*THE TASK*
Write out exactly, and only, the lines below from the line with "Xiaomi 20000mAh portable" through the line with "Channellock 26 In."; pictures do not belong in the copy.

*DATASET ENTRIES*
═══
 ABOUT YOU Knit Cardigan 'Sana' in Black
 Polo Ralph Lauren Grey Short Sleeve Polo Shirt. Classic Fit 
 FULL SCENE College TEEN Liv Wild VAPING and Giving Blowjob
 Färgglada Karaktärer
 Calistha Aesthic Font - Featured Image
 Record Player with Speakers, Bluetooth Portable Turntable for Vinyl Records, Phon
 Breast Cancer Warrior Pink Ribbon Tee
═══
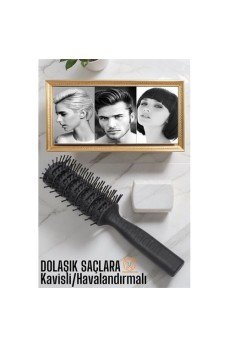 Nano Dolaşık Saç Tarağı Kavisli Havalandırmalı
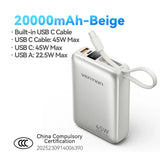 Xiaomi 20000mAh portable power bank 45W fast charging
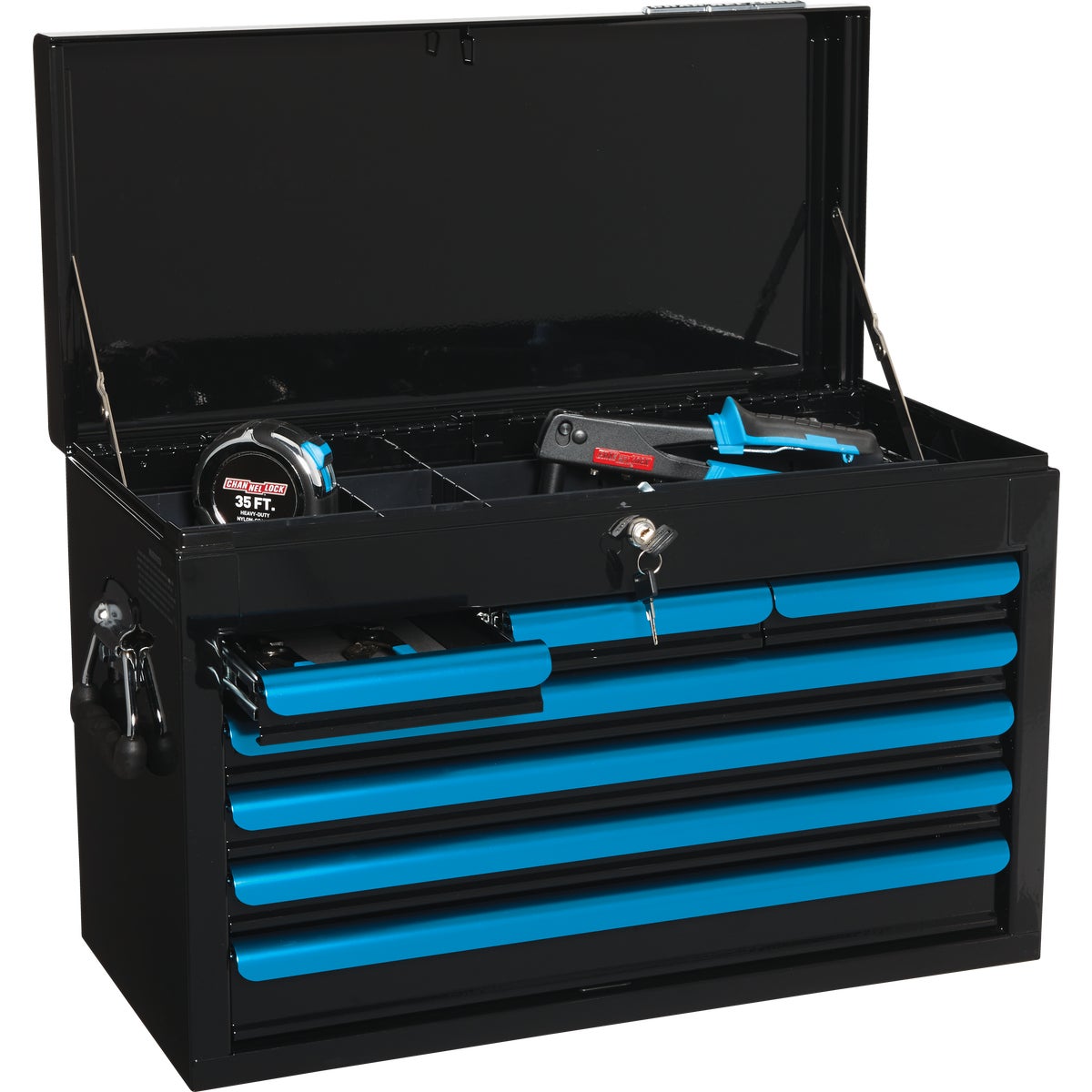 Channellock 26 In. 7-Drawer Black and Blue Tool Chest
═══
*RESPONSE TO THIS TASK*
 Xiaomi 20000mAh portable power bank 45W fast charging
 Channellock 26 In. 7-Drawer Black and Blue Tool Chest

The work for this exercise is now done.